Un jeune cheminot rencontre une institutrice, fille d'un pasteur renommé. Ils vont vivre ensemble et se marier contre son avis, mais peu de temps après, le mari montre des signes de rébellion contre les blancs, car il est noir de peau...
Jusqu'à la veille d'écrire cette critique, je ne connaissais pas du tout Michael Roemer, mais son parcours est en soi très intéressant. Durant les années 1960, il va réaliser en indépendant trois films importants, dont Nothing but a man, mais il va laisser tomber le cinéma en 1966 pour devenir professeur de l'art jusqu'à sa retraite à la fin des années 2010 ! Ce qu'il a réalisé est passé plus ou moins à l'as jusqu'à ce que ses enfants en découvrent la trace dans les années 1990, et qui vont pousser Roemer à les exploiter en catimini dans des festivals. Jusqu'à leur renaissance en 2022 sous l'impulsion de Ronald Chammah (par ailleurs compagnon de Isabelle Huppert) et leur nouvelle exploitation en salles l'année suivante dans des copies restaurées.
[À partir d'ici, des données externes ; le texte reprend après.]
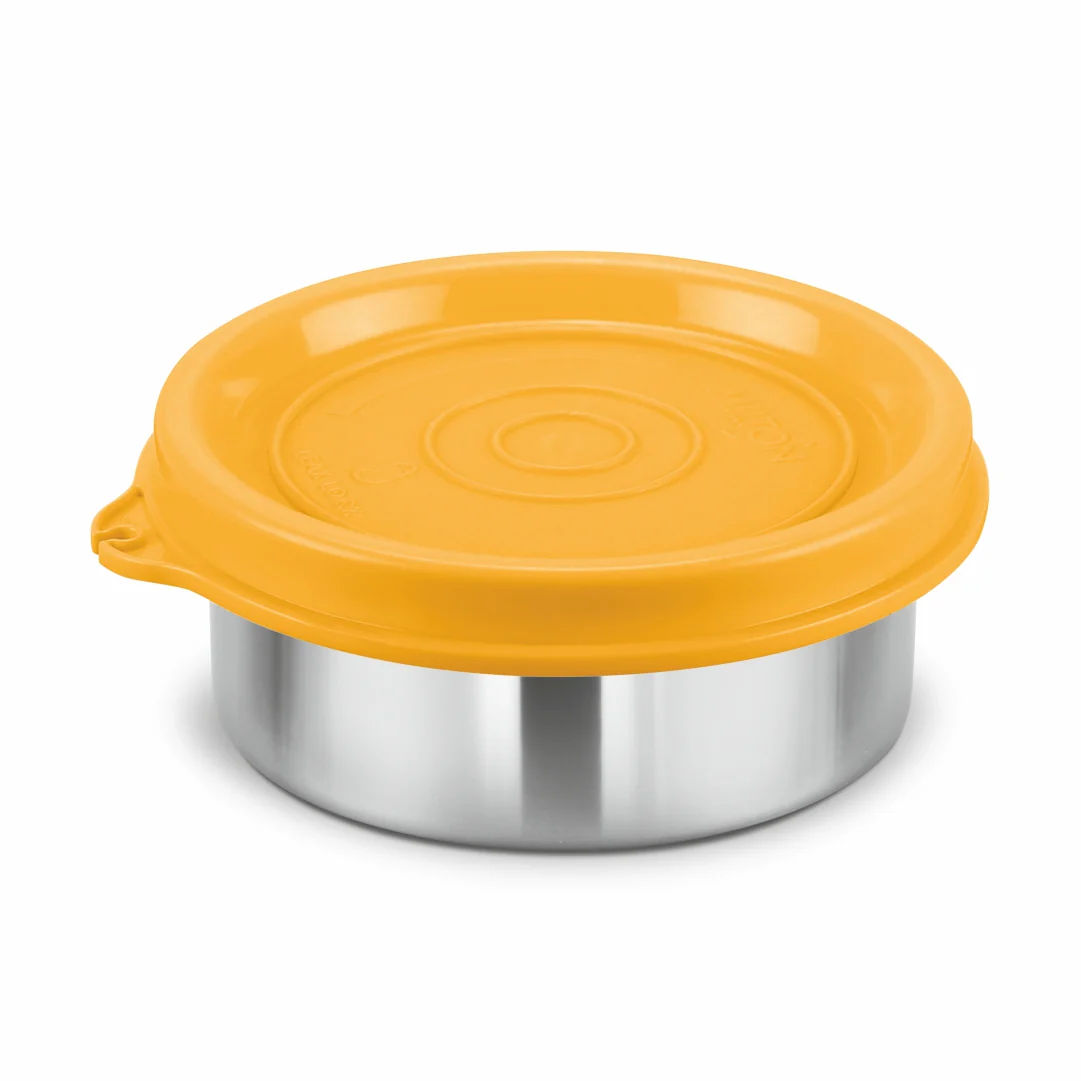 Steel Pro Containers (Milton) - Image 8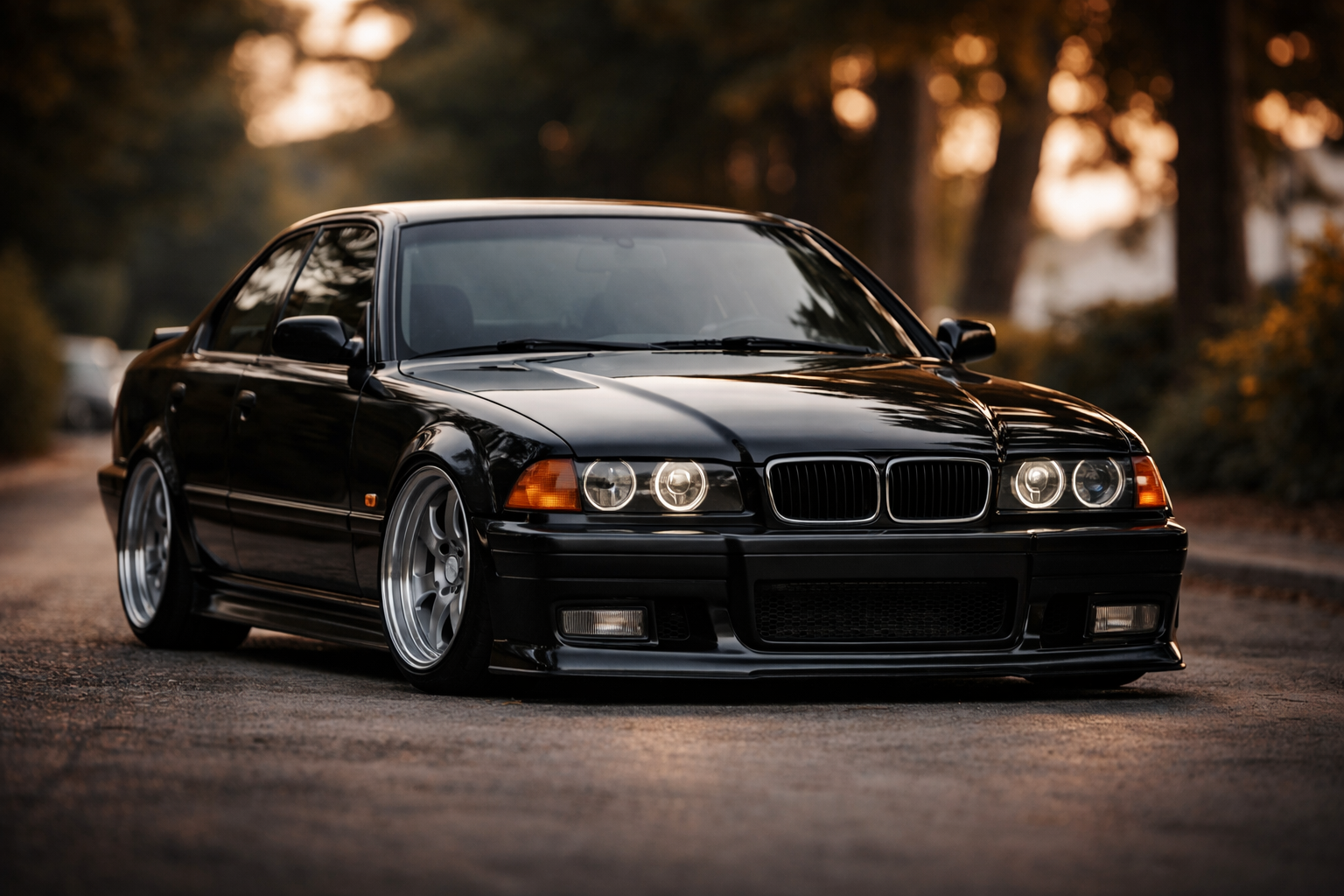 E36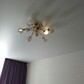Фото покупателя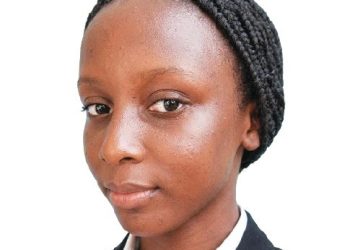 I studied for eight hours daily to score 372 – UTME candidate, Owoeye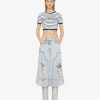 Voguecache.shope73b56dac3 1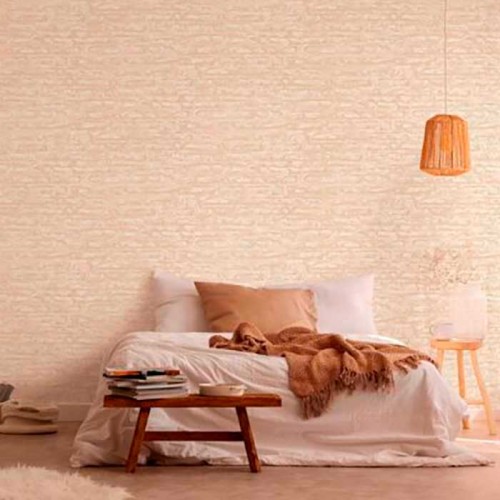 Rollo Papel Pintado ELEMENTS 2 Referencia  39027-2.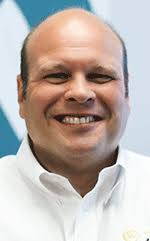 CK Technologies Promotes New Chief Operating Officer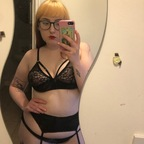 Onlyfans leak missvxlentine 

 profile picture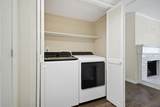 136 Boxwood Dr - Photo 21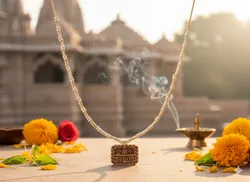 SHOP_BY_CATEGORY_KANTHI_MALA__Vrindavan Mala Store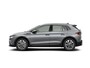Skoda Elroq Tour Edition 210 kW / 286 PK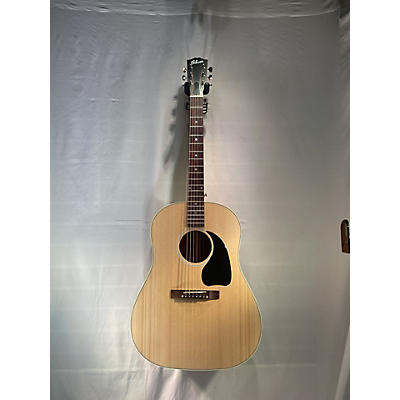 Gibson J35 Acoustic Electric Guitar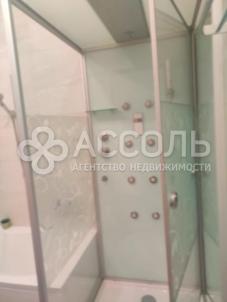 Продажа квартиры Омск. ул. Волочаевская,11к1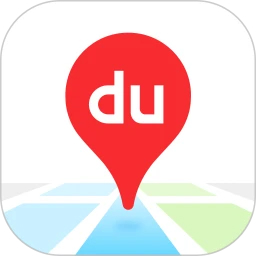 百度地图2025最新版   v21.0.30，附详细安装教程！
Par ailleurs, Nothing like a man était le film favori de Malcom X, mais ça s'explique.
En somme, c'est l'éveil de la conscience d'un homme de couleur noire, joué par Ivan Dixon, dans une Amérique des années 160 où la Ségrégation existe encore, où les personnes de couleurs sont regardées en chiens de faïence par les blancs, où les noirs doivent obligatoirement s'asseoir au fond du bus... En somme, il ne voit pas cette différence quand il travaille au départ comme cheminot auprès de ses amis qui sont tous noirs (c'est d'ailleurs le premier rôle d'un tout jeune Yaphet Kotto), mais dès qu'il quitte ce métier pour se rapprocher de son épouse, et notamment pour travailler ailleurs, on le pointera toujours du genre qu'il est différent. Ce qui va le pousser à vouloir mobiliser ses autres collègues de travail de couleur noire pour avoir de meilleures conditions de travail, mais sa grande gueule va en quelque sorte se retourner contre lui. Le film est complètement de son temps, avec les clichés racistes que ça comporte quand un blanc parle d'un noir (à savoir qu'il peut bosser en tant que majordome ou pour couper du coton), mais que peut faire Ivan Dixon dans une société qui ne demande qu'à muter ? Il y a aussi la très bonne Abbey Lincoln (qui était par ailleurs chanteuse), incarnant son épouse, mais je comprends très bien que Nothing like a man pousse à la révolte car il y a de quoi.
L'autre grand mérite de l'histoire est de ne pas présenter Ivan Dixon comme quelqu'un de parfait. C'est loin d'être le cas, il a une histoire familiale assez compliquée, avec un fils de quatre ans dont la mère ne le veut plus, et il ne sait même pas si il est de son sang, ainsi qu'un père alcoolique qui part peu à peu vers une déchéance fatale, sans compter son caractère qui s'affirme peu à peu, jusqu'à rejaillir sur son épouse.
Il en résulte un film formidable, tourné sans doute à l'arrache et avec des moyens insignifiants, ce qui explique aussi les faux raccords à répétition, mais le sujet est inévitablement très fort, porté en plus par l'excellente musique de la Motown.